The thing about New York that always defeats and trivialises attempts to analyse it is its elusive quality. It’s a city that becomes whatever it is you want it to be, and the metaphor is always changing.
In a sense, it’s like a Woody Allen movie. Ten different people might see Manhattan and see ten different movies, the way ten different visitors might leave New York with ten different impressions.
All of which makes it difficult to write about Woody Allen movies, the way it is almost impossible to describe New York for someone who has never been there. As soon as you get the words on paper, they’ve become obsolete.
Manhattan is not Woody’s best film.
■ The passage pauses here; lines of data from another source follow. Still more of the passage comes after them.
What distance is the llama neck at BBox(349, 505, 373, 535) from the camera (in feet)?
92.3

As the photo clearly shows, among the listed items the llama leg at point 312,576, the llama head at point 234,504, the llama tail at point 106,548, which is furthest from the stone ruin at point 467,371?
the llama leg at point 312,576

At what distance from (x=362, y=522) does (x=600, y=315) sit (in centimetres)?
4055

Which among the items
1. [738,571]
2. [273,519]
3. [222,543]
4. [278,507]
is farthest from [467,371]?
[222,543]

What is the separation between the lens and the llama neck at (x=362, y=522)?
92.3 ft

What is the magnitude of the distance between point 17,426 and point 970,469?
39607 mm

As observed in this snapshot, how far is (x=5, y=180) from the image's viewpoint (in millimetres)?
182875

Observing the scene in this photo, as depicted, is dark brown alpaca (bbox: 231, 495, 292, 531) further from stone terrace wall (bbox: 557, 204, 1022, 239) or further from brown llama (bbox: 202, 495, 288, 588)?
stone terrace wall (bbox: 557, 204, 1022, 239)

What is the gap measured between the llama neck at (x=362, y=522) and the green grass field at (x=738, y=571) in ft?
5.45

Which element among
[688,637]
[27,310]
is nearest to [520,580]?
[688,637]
The final half-hour is tedious and vague, and the entire territory was explored better in Annie Hall (1977) with more sophisticated results. Still, with its flaws and its missed opportunities, it is nevertheless more endearing and entertaining than nine out of ten movies. It is certainly not a movie you should pass up.
Woody plays Isaac, the kind of anxiety-ridden “everything happens to me” schmo who gets followed around by life’s plagues the way a terminal cougher and militant non-smoker always end up in the smoking section on a ten-hour flight, complaining all the way.
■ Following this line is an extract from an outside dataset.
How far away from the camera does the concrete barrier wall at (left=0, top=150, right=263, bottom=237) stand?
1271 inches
“When it comes to relationships,” he moans, “I’m the winner of the August Strindberg Award.” With two alimonies, child support, and no job, his insecurity increases.
One ex-wife has ended up working for the William Morris office. The other ex-wife (Meryl Streep) has left him for another woman and is publishing a book about the horrors of her marriage to Woody for all of his friends to read.
His current amour (Mariel Hemingway, pictured at right) is a seventeen-year-old student at the Dalton School who has to leave Elaine’s early to do her homework.
Clearly, Woody is not the kind of loser who needs the burden of another affair, but when his best friend (Michael Murphy) introduces him to his own mistress (Diane Keaton), a hostile, neurotic journalist, it’s hate – and love – at first sight.
Keaton has an instant opinion on everything. She hates Ingmar Bergman and Norman Mailer, whom Woody considers “achievers,” and all they do is fight, while some negative energy keeps them going. But not for long.
Murphy leaves his wife, Keaton goes back to feed her self-destructive needs, Woody returns to the woman-child who really understands him – but she’s grown and moved to London.
Like all Manhattan survivors, Woody will wait, like the city itself, until another neurotic attachment comes along.
The characters pretend to have old-fashioned virtues. Keaton keeps talking about how bright, beautiful and lucky she is to come from a stable Philadelphia family in which marriage is an institution, yet she lives with a dachshund named Waffles who serves as a “penis substitute” and gets involved with men who don’t deserve her.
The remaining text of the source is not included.